In a second aspect, an embodiment of the present application provides a sample construction device, which includes: an acquisition module, a processing module and a construction module; the acquisition module is used to acquire a parallel corpus training sample, the parallel corpus training sample contains an original text and carries a standard type label corresponding to each keyword in the original text; the processing module is used to replace the first keyword in the original text of the parallel corpus training sample acquired by the acquisition module with at least one first The processing module is further used to replace the first standard type label corresponding to the first keyword in the parallel corpus training sample obtained by the acquisition module with the second standard type label corresponding to the first non-standard word to obtain the parallel corpus training sample after the label is replaced; the construction module is used to construct the target training sample based on the parallel corpus training sample after the label is replaced processed by the processing module and at least one extended text.

In a third aspect, an embodiment of the present application provides an electronic device, which includes a processor and a memory, wherein the memory stores programs or instructions that can be run on the processor, and when the program or instructions are executed by the processor, the steps of the method described in the first aspect are implemented.

In a fourth aspect, an embodiment of the present application provides a readable storage medium, on which a program or instruction is stored, and when the program or instruction is executed by a processor, the steps of the method described in the first aspect are implemented.

In a fifth aspect, an embodiment of the present application provides a chip, comprising a processor and a communication interface, wherein the communication interface is coupled to the processor, and the processor is used to run a program or instruction to implement the method described in the first aspect.

In a sixth aspect, an embodiment of the present application provides a computer program product, which is stored in a storage medium and is executed by at least one processor to implement the method described in the first aspect.

In an embodiment of the present application, a parallel corpus training sample is obtained, the parallel corpus training sample includes an original text and carries a standard type label corresponding to each keyword in the original text; the first keyword in the original text is replaced with at least one first non-standard word corresponding to the first keyword to generate at least one extended text; the first standard type label corresponding to the first keyword is replaced with a second standard type label corresponding to the first non-standard word to obtain a parallel corpus training sample after the label is replaced; based on the parallel corpus training sample after the label is replaced and at least one extended text, a target training sample is constructed. Through this scheme, since the sample construction device can replace the keywords in the original text of the parallel corpus training sample, at least one extended text is generated to expand the vocabulary covered by the parallel corpus training sample; at the same time, the standard type label corresponding to the keyword is replaced with the standard type label corresponding to the non-standard word, and the parallel corpus training sample after the label is replaced is obtained to enrich the content contained in the parallel corpus training sample. Finally, the sample construction device can construct a target training sample based on the parallel corpus training sample after the label is replaced and at least one extended text.
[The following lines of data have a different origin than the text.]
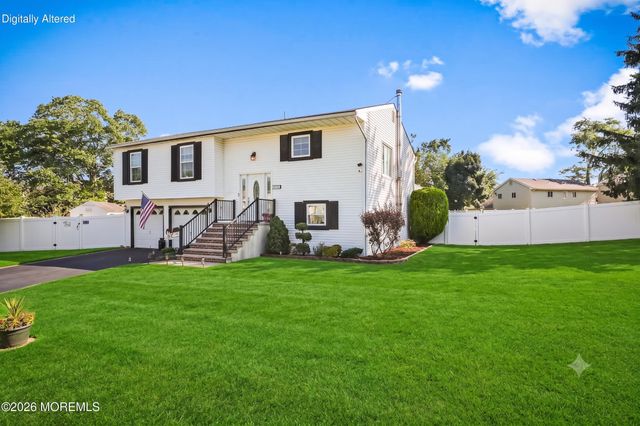 20 Jay Court, Hazlet, NJ 07730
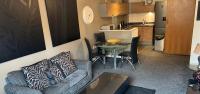 Show home Apartment Sleeps Up To 4 with Free Secure Parking Space and Only 5 mins walk from Gunwharf Quays and Historic Dockyard Attractions - B&B Portsmouth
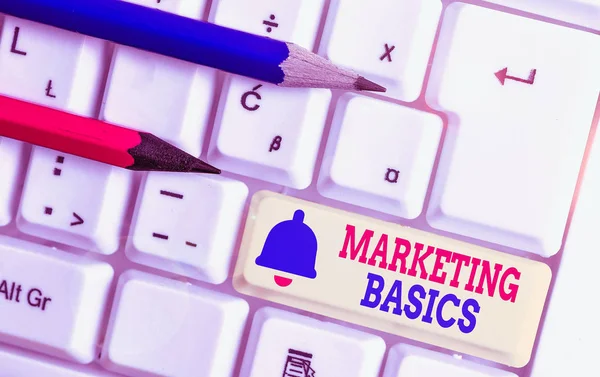 Word écriture texte Marketing Basics. Concept d'entreprise pour les activités d'une entreprise visant à promouvoir et à vendre des produits . — Photo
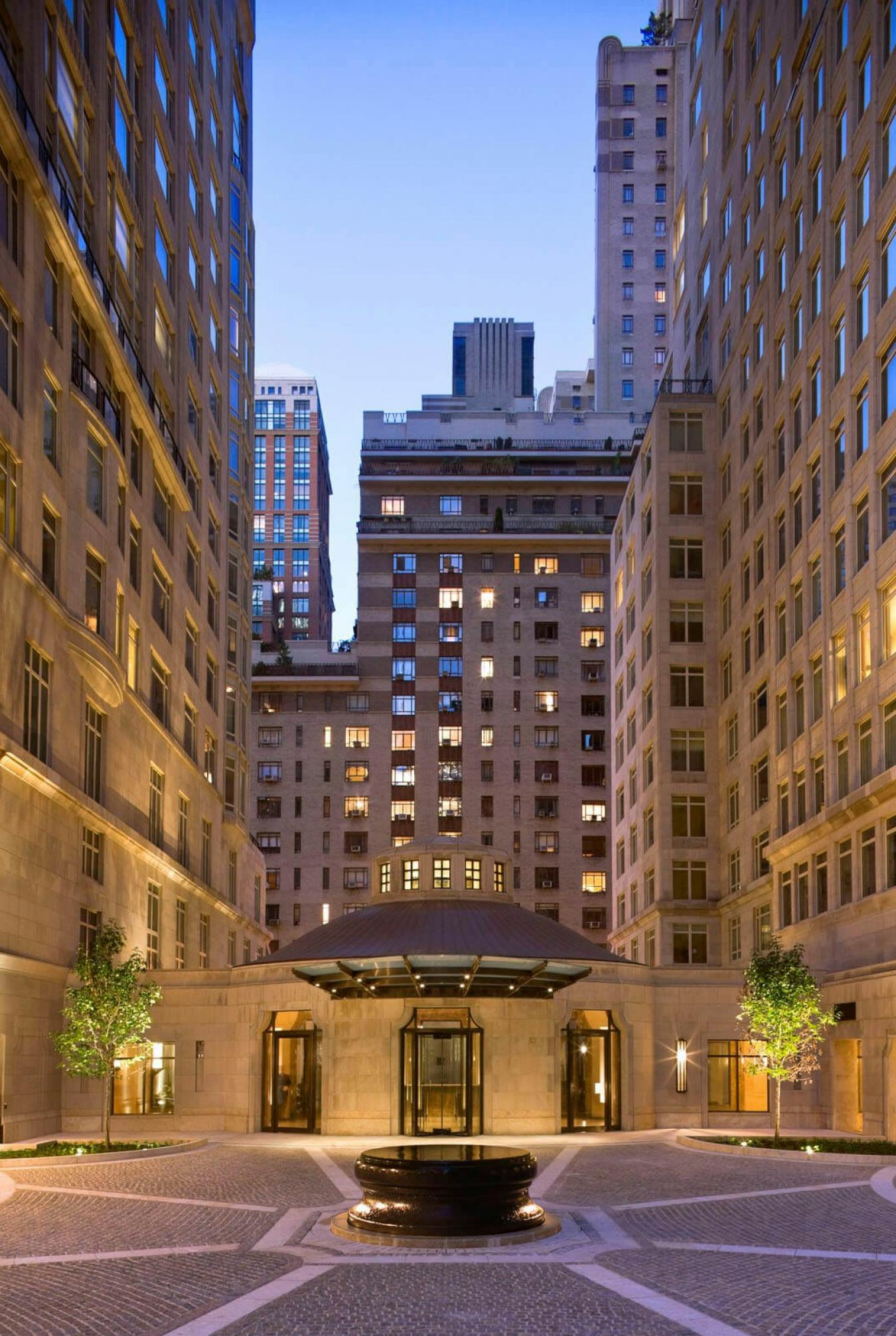 New York, New York, 10023, United States, 2 Bedrooms Bedrooms, ,2 BathroomsBathrooms,Residential,For Sale,1945405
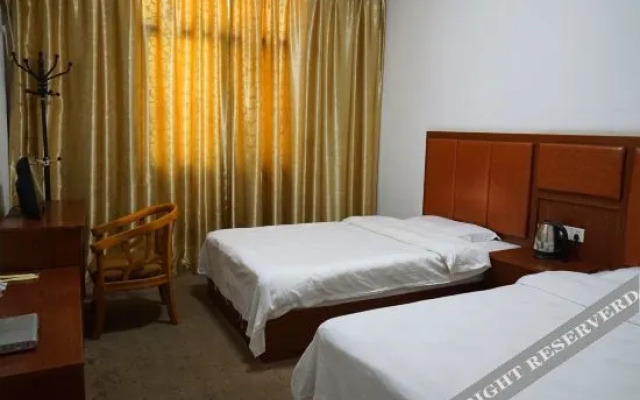 OYO Yiyang Tianhe Hotel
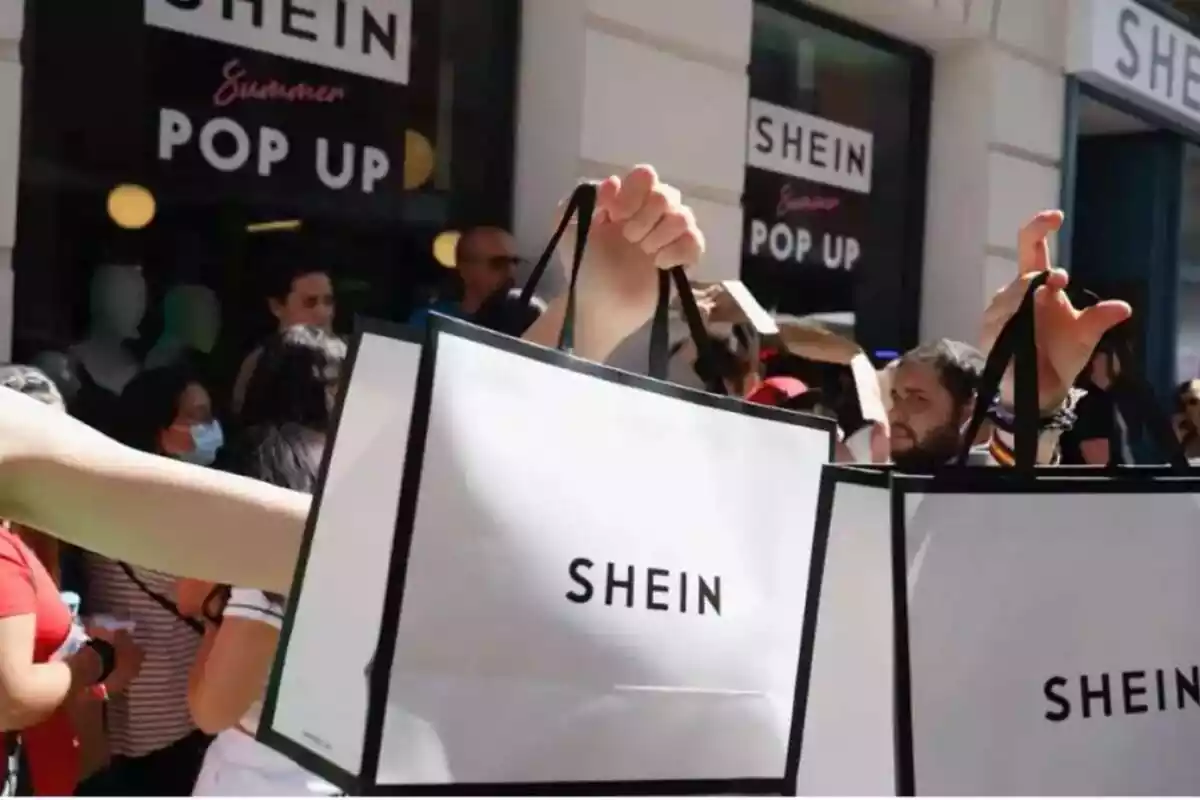 Shein bags in front of a pop up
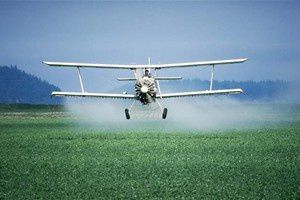 epandage-avion-pesticides-3002003.jpg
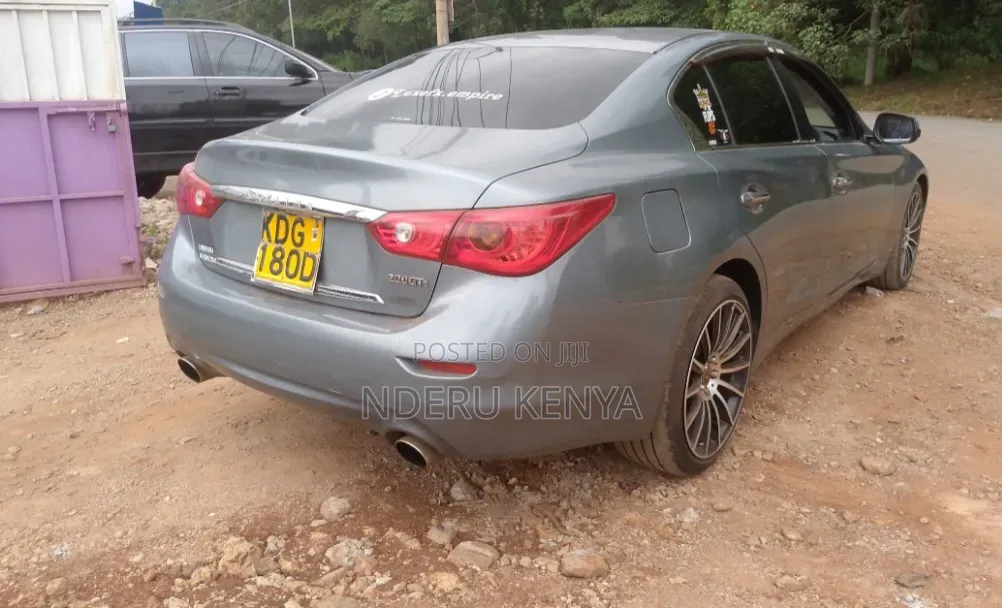 Nissan Skyline 2014 Gray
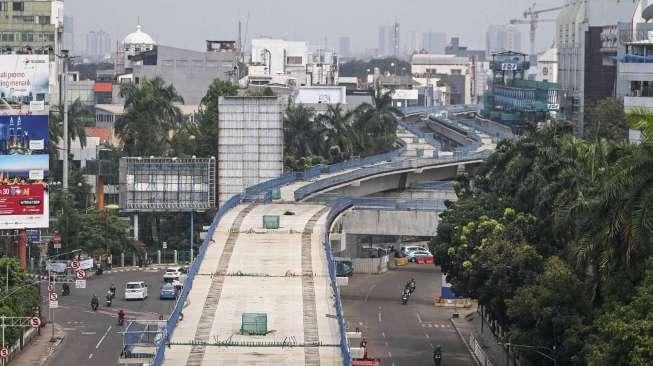 Pembangunan struktur layang MRT Koridor Lebak Bulus-Bundaran HI di Jakarta, Jumat (26/5).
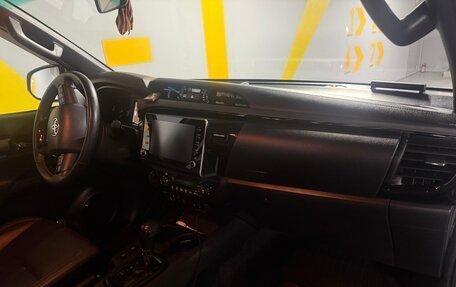 Toyota Hilux VIII, 2021 год, 4 900 000 рублей, 10 фотография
Therefore, the target training samples can include non-standard words and their corresponding standard type labels, thereby enriching the content of the parallel corpus training samples and making the parallel corpus training samples have more and more flexible training content.

BRIEF DESCRIPTION OF THE DRAWINGS

FIG1 is a schematic diagram of an example of a word that does not conform to the standard provided in an embodiment of the present application;

FIG2 is a flow chart of a sample construction method provided in an embodiment of the present application;

FIG3 is one of the example schematic diagrams of a sample construction method provided in an embodiment of the present application;

FIG4 is a second schematic diagram of an example of a sample construction method provided in an embodiment of the present application;

FIG5 is a third example schematic diagram of a sample construction method provided in an embodiment of the present application;

FIG6 is a flowchart of a translation model for translation provided by an embodiment of the present application;

FIG7 is a schematic diagram of the structure of a sample construction device provided in an embodiment of the present application;

FIG8 is a schematic diagram of a hardware structure of an electronic device provided in an embodiment of the present application;

FIG. 9 is a second schematic diagram of the hardware structure of an electronic device provided in an embodiment of the present application.

DETAILED DESCRIPTION

The following will be combined with the drawings in the embodiments of the present application to clearly describe the technical solutions in the embodiments of the present application. Obviously, the described embodiments are part of the embodiments of the present application, rather than all the embodiments. All other embodiments obtained by ordinary technicians in this field based on the embodiments in the present application belong to the scope of protection of this application.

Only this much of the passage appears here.